:: MATERIAL TO PROCESS ::
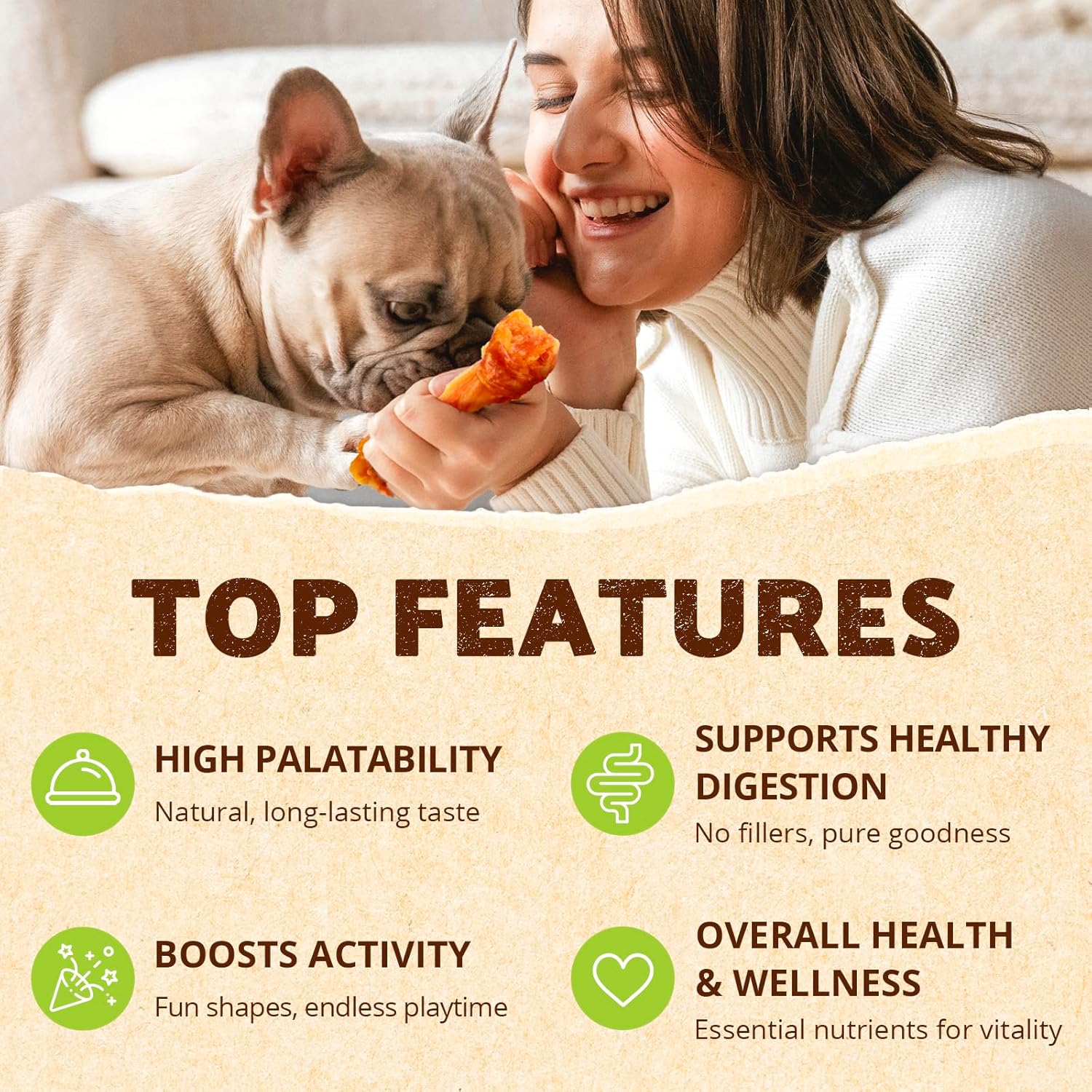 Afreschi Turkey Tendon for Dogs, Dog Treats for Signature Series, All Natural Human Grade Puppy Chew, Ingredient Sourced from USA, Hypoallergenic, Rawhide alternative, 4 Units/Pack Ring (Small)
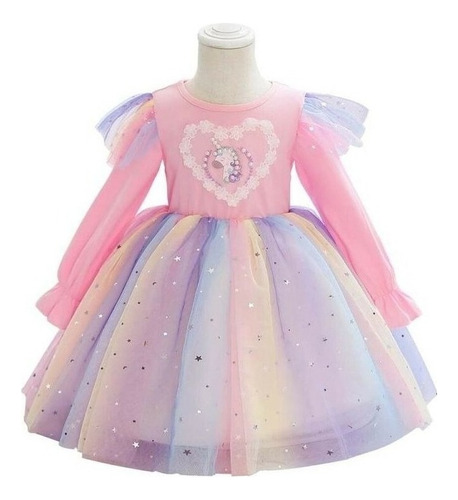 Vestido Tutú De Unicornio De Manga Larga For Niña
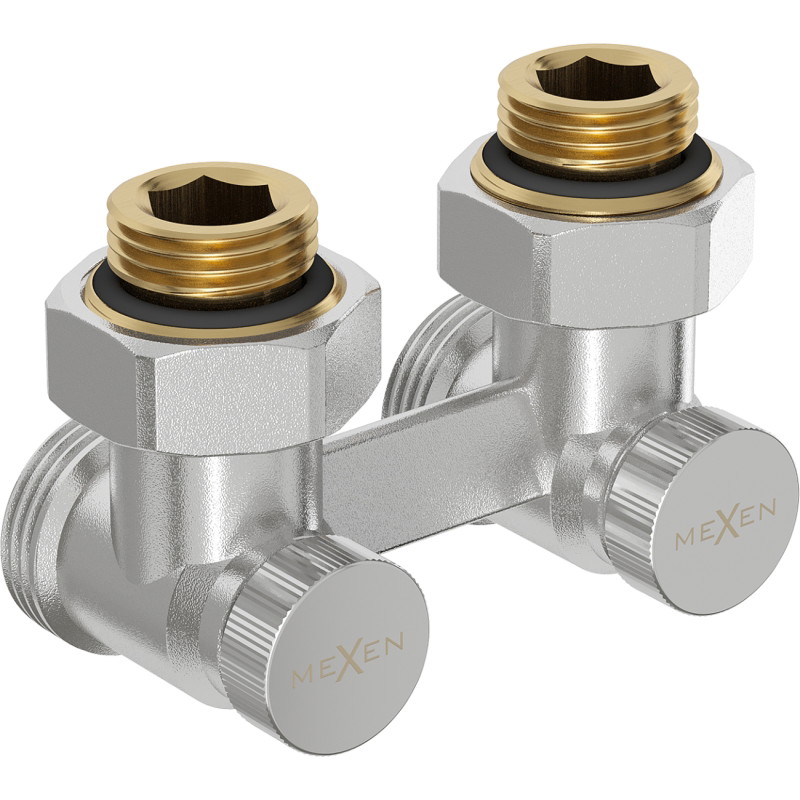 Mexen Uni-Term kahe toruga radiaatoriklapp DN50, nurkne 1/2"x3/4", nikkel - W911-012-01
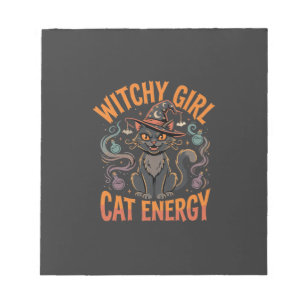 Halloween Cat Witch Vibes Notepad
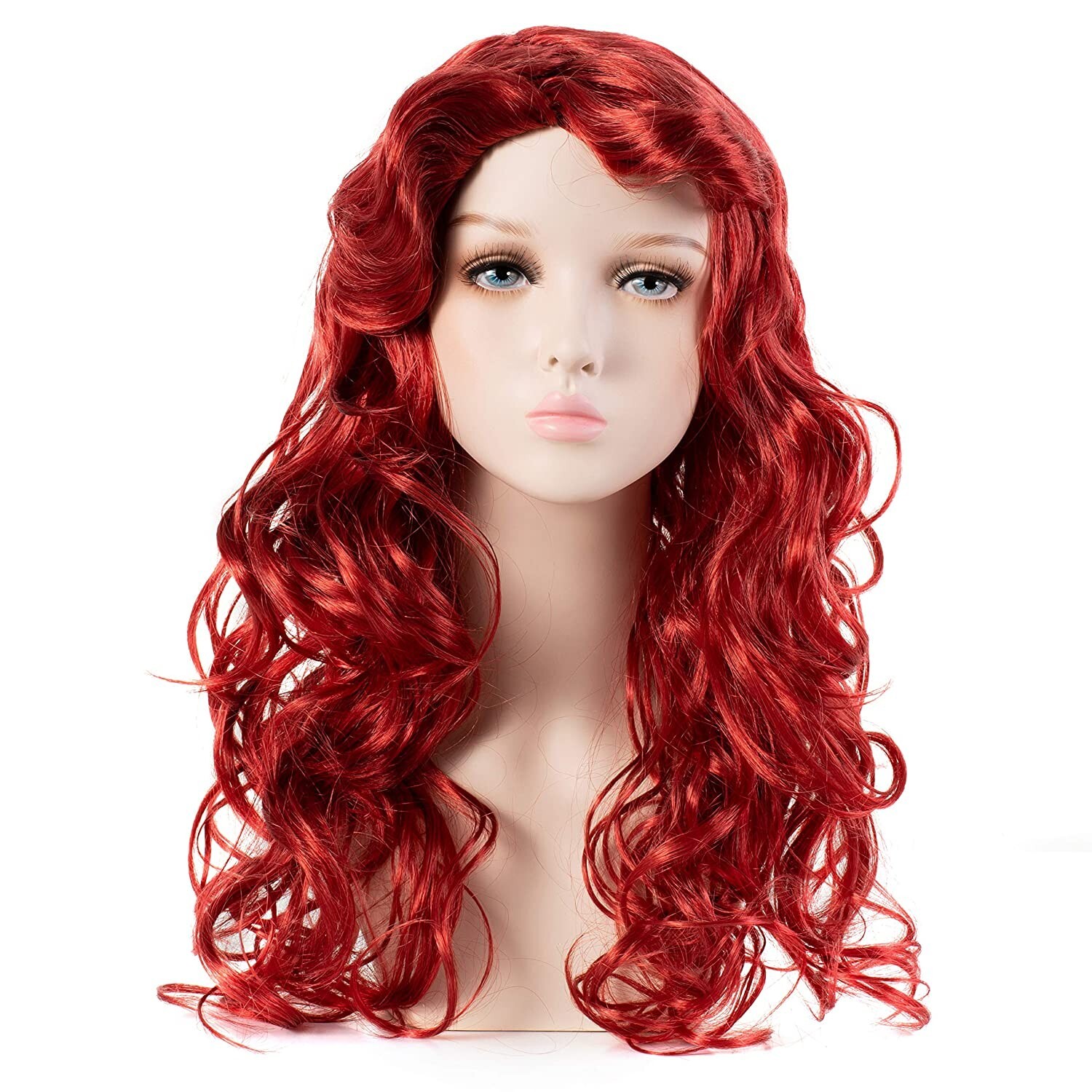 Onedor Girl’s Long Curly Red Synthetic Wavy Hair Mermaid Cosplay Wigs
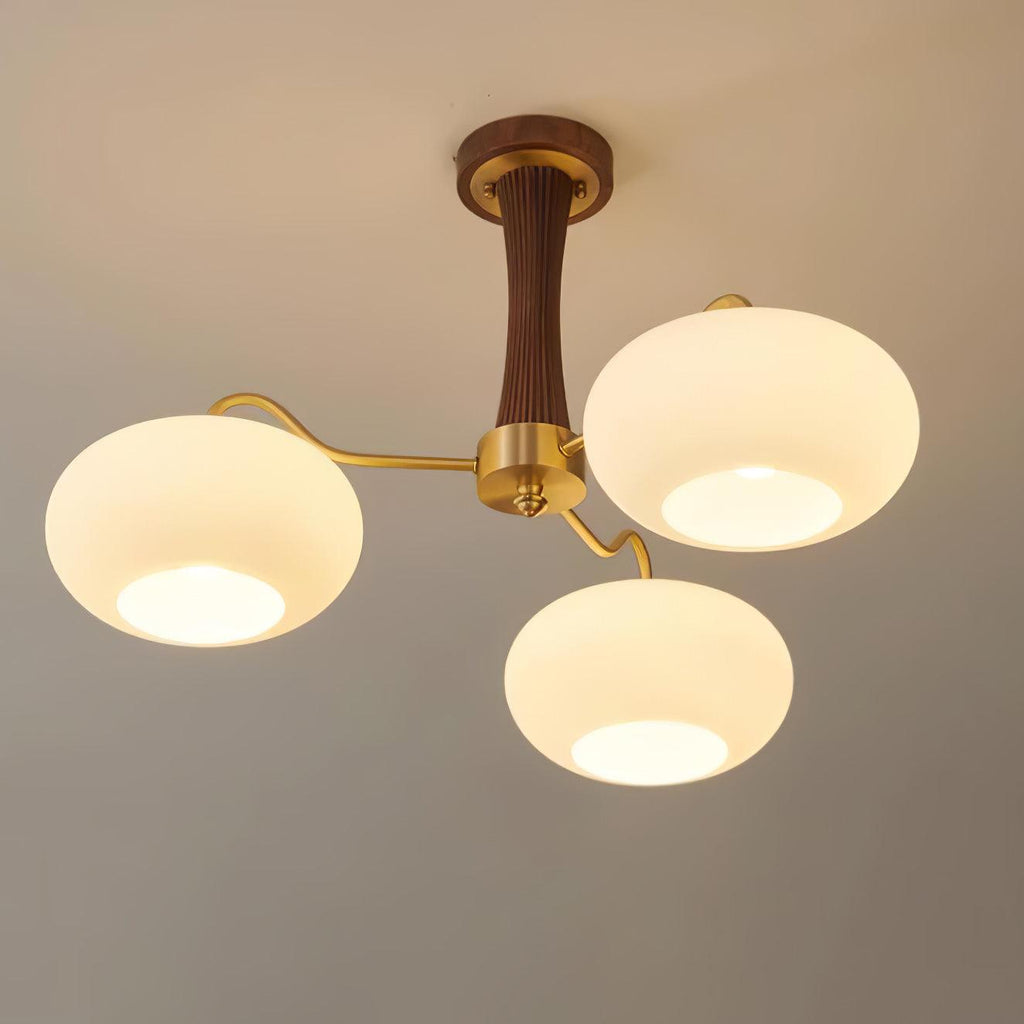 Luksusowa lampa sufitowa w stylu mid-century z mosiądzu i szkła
:::
# [TASK OBJECTIVE]
Would you restate the records above word for word and exclude the pictures?

# [RESPONSE BELOW]
 Afreschi Turkey Tendon for Dogs, Dog Treats for Signature Series, All Natural Human Grade Puppy Chew, Ingredient Sourced from USA, Hypoallergenic, Rawhide alternative, 4 Units/Pack Ring (Small)
 Vestido Tutú De Unicornio De Manga Larga For Niña
 Mexen Uni-Term kahe toruga radiaatoriklapp DN50, nurkne 1/2"x3/4", nikkel - W911-012-01
 Halloween Cat Witch Vibes Notepad
 Onedor Girl’s Long Curly Red Synthetic Wavy Hair Mermaid Cosplay Wigs
 Luksusowa lampa sufitowa w stylu mid-century z mosiądzu i szkła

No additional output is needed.